- _WORK REQUIRED_
Produce a word-for-word copy of the lines from the one that contains "Petite Blue Apartment, hotel in Roşu" to the final line of the data below, with all pictures dropped.
┌─ DATA SHOWN
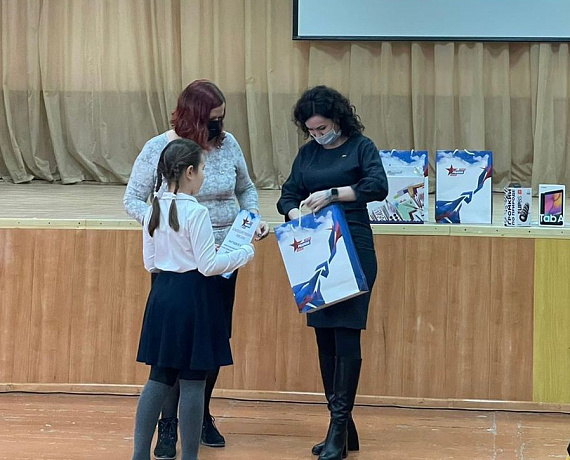 Подведены итоги конкурса рисунка ко Дню матери, который организовал депутат Госдумы Алексей Журавлев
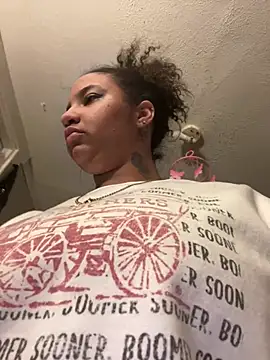 StylishEchium online show from 02.04.26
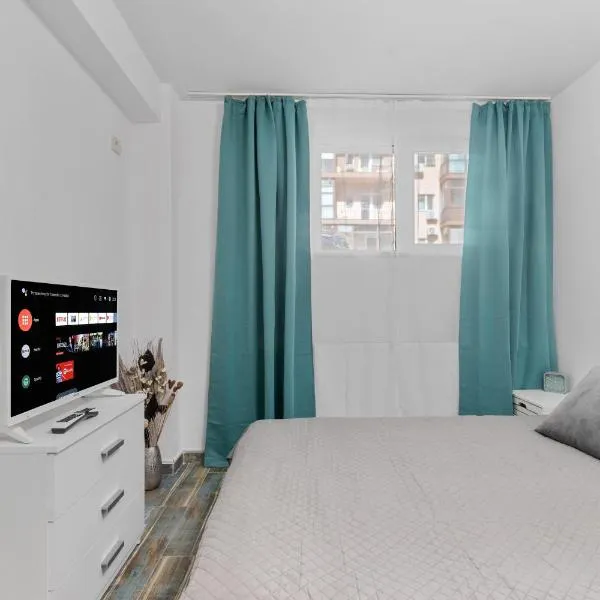 Petite Blue Apartment, hotel in Roşu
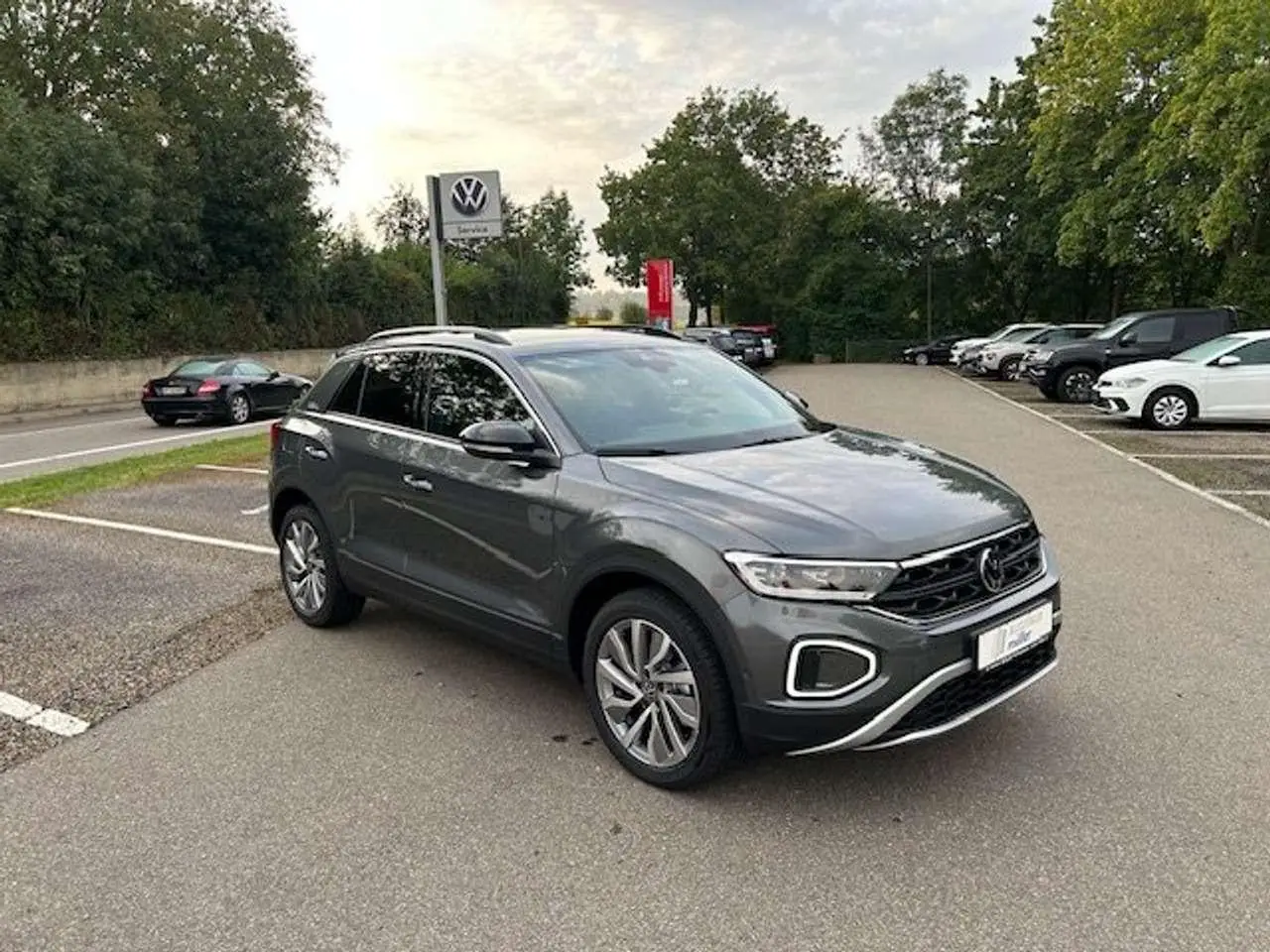 Photo 1 : Volkswagen T-roc 2024 Petrol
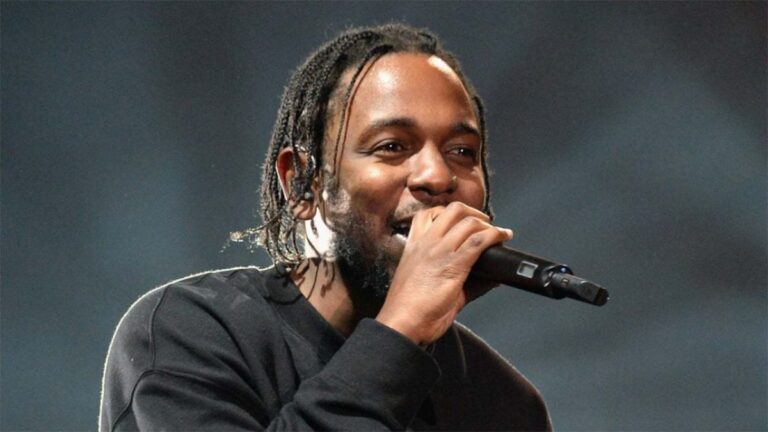Kendrick Lamar fait le clown en produisant de la nouvelle musique en studio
└─
- _SOLUTION TO THE PROBLEM_
 Petite Blue Apartment, hotel in Roşu
 Photo 1 : Volkswagen T-roc 2024 Petrol
Kendrick Lamar fait le clown en produisant de la nouvelle musique en studio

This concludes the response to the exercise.